:: Directions for this task ::
Reproduce only this stretch of the listing below: from the line with "Camiseta Agita Essas" through the line with "Wing Chun carbon", exactly as written, with pictures excluded.

:: Supplied data ::
▬▬▬▬▬▬
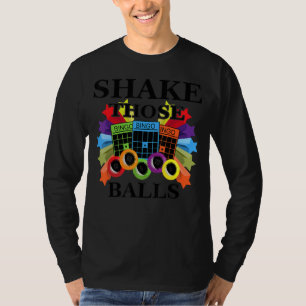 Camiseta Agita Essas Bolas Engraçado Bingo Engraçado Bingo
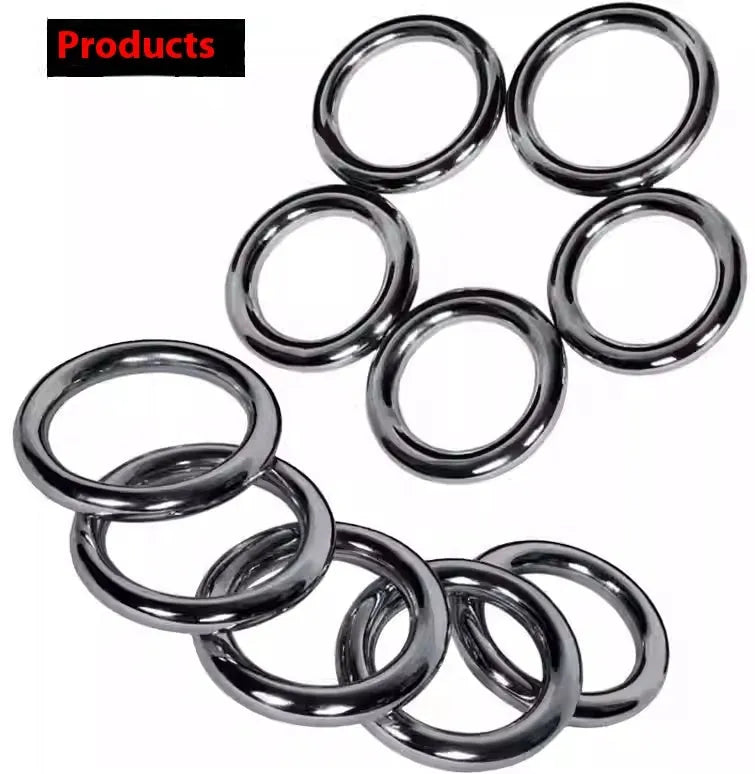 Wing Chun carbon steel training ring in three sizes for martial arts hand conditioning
▬▬▬▬▬▬
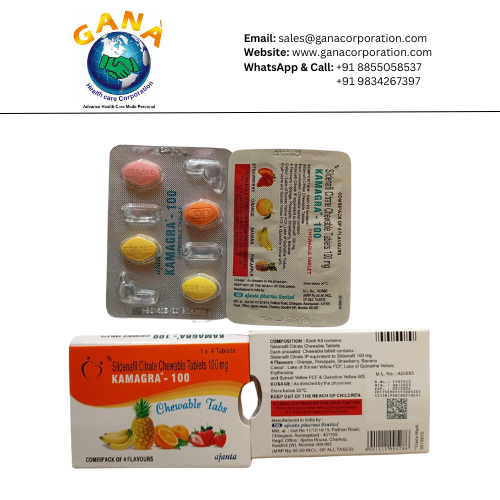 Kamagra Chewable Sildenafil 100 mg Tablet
▬▬▬▬▬▬
:: Exercise output ::
 Camiseta Agita Essas Bolas Engraçado Bingo Engraçado Bingo
 Wing Chun carbon steel training ring in three sizes for martial arts hand conditioning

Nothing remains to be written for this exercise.